Reproduce verbatim all of the data given below, but do not carry over the images.

---- SOURCE DATA

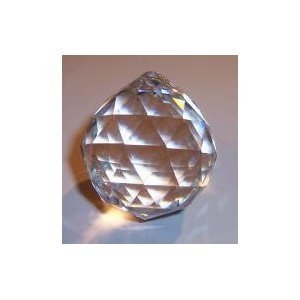 40mm Faceted Crystal Ball Prisms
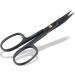 Curved nail scissors - stainless steel - black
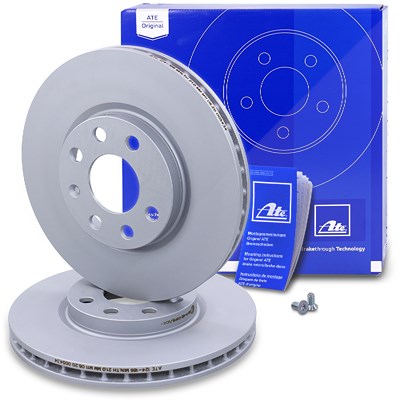 Ate 2x Bremsscheibe Vorderachse Belüftet [Hersteller-Nr. 24.0124-0166.1] für Opel Image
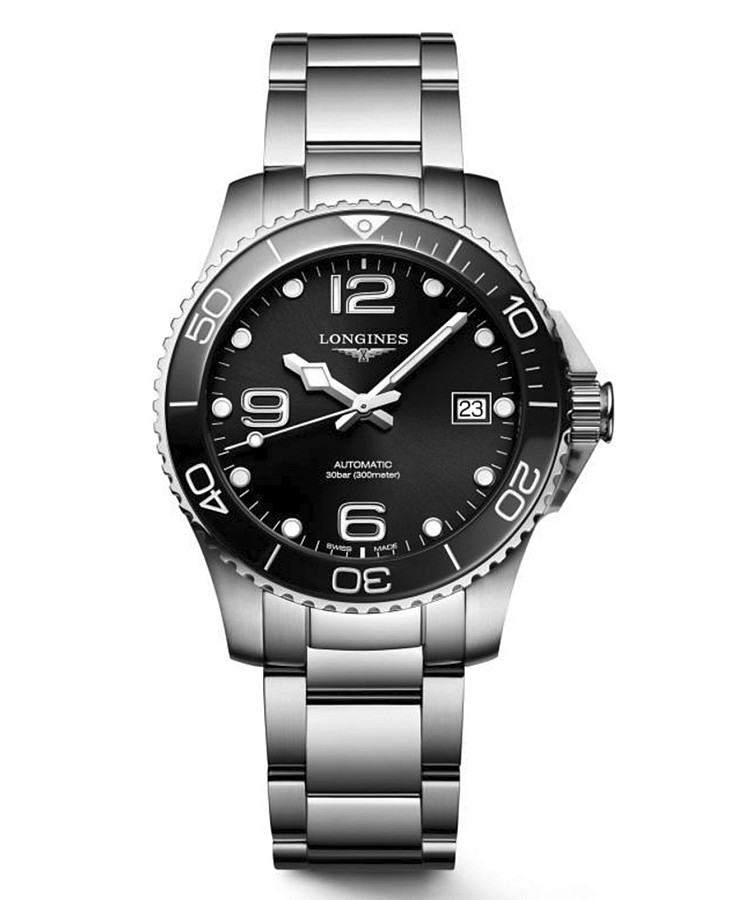 Часы Longines HydroConquest L3.780.4.56.6 — мужские, черный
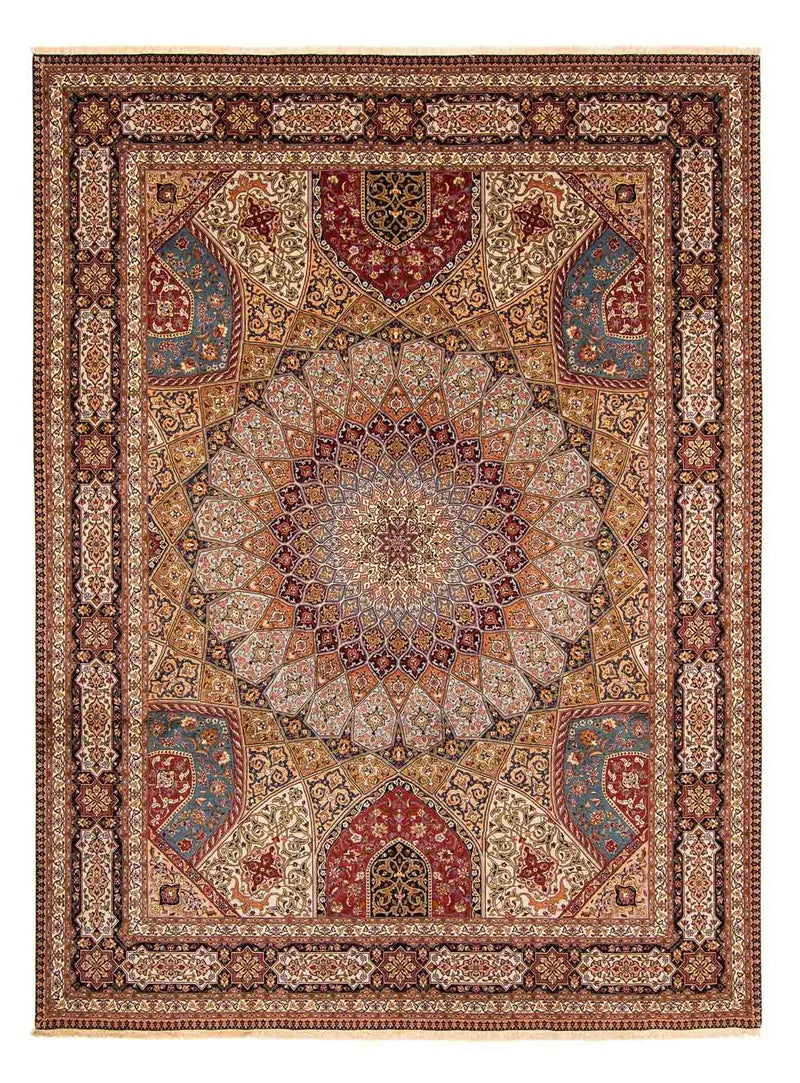 Perserteppich - Täbriz - Royal 396 x 300 cm Teppich Wohnzimmer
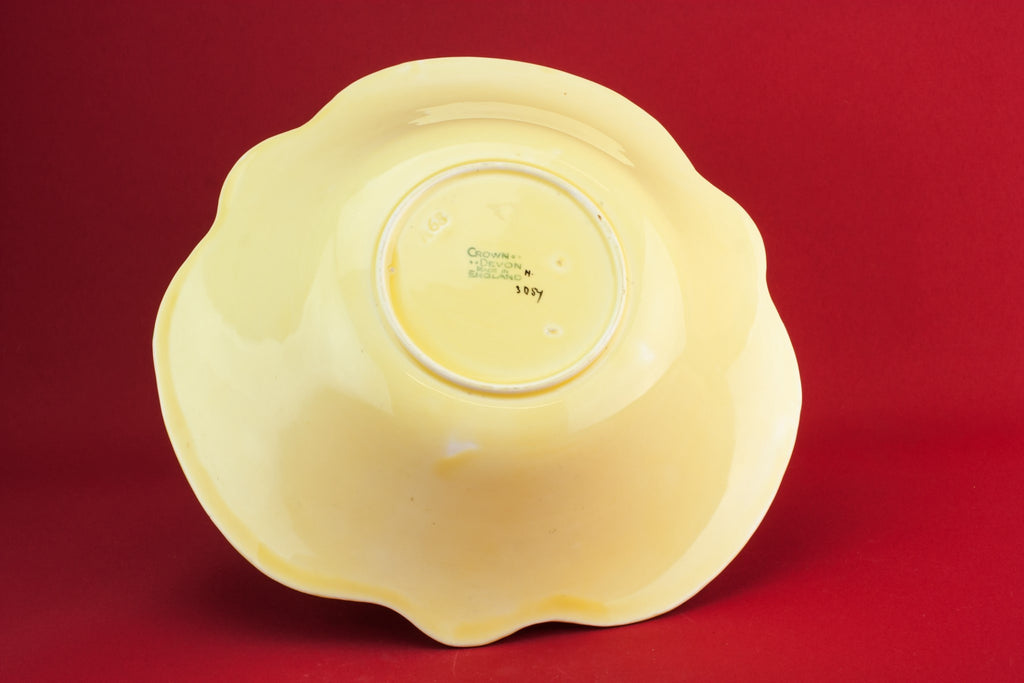 Fieldings pottery serving bowl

--------

[OUTPUT FOR THIS TASK]:
 40mm Faceted Crystal Ball Prisms
 Curved nail scissors - stainless steel - black
 Ate 2x Bremsscheibe Vorderachse Belüftet [Hersteller-Nr. 24.0124-0166.1] für Opel Image
 Часы Longines HydroConquest L3.780.4.56.6 — мужские, черный
 Perserteppich - Täbriz - Royal 396 x 300 cm Teppich Wohnzimmer
 Fieldings pottery serving bowl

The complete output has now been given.